◆ Information provided ◆

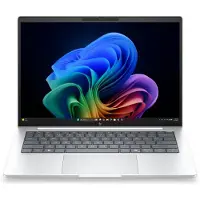 HP Elitebook 8 G2a 14 Next Gen Ai Pc - Inch Amd Ryzen 5 435 16 Gb 512 Windows 11 Pro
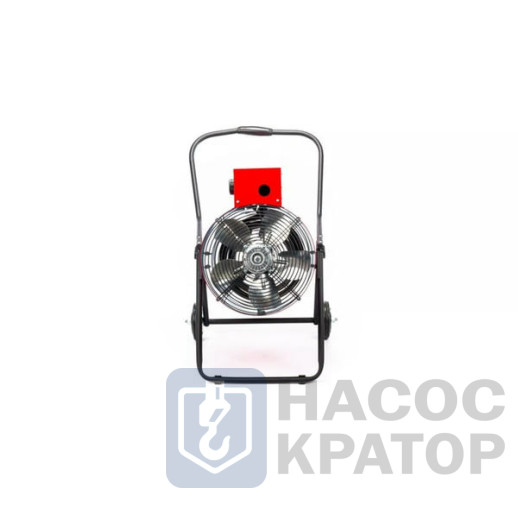 Тепловая пушка Hintek TP 21380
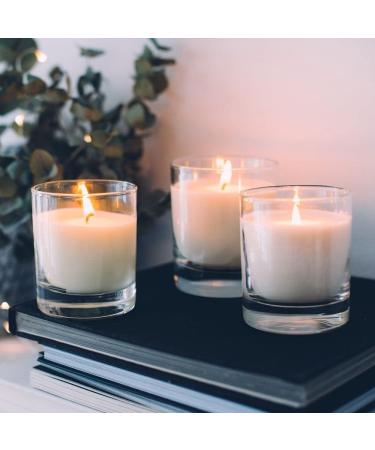 Love Spell Type Fragrance Oil (8 oz) for Candle, Soap, Tart Making & More - Buy Online on SooperMarket.com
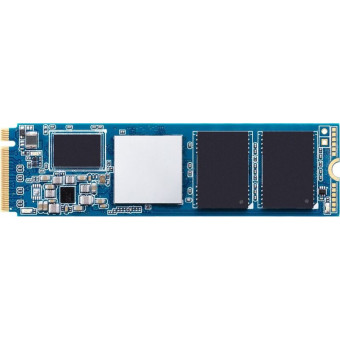 SSD накопитель Apacer AS2280Q4 2 ТБ (AP2TBAS2280Q4-1)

◆ Directions for this task ◆
Would you copy out every line of the data above exactly, minus the pictures?

◆ Answer section ◆
 HP Elitebook 8 G2a 14 Next Gen Ai Pc - Inch Amd Ryzen 5 435 16 Gb 512 Windows 11 Pro
 Тепловая пушка Hintek TP 21380
 Love Spell Type Fragrance Oil (8 oz) for Candle, Soap, Tart Making & More - Buy Online on SooperMarket.com
 SSD накопитель Apacer AS2280Q4 2 ТБ (AP2TBAS2280Q4-1)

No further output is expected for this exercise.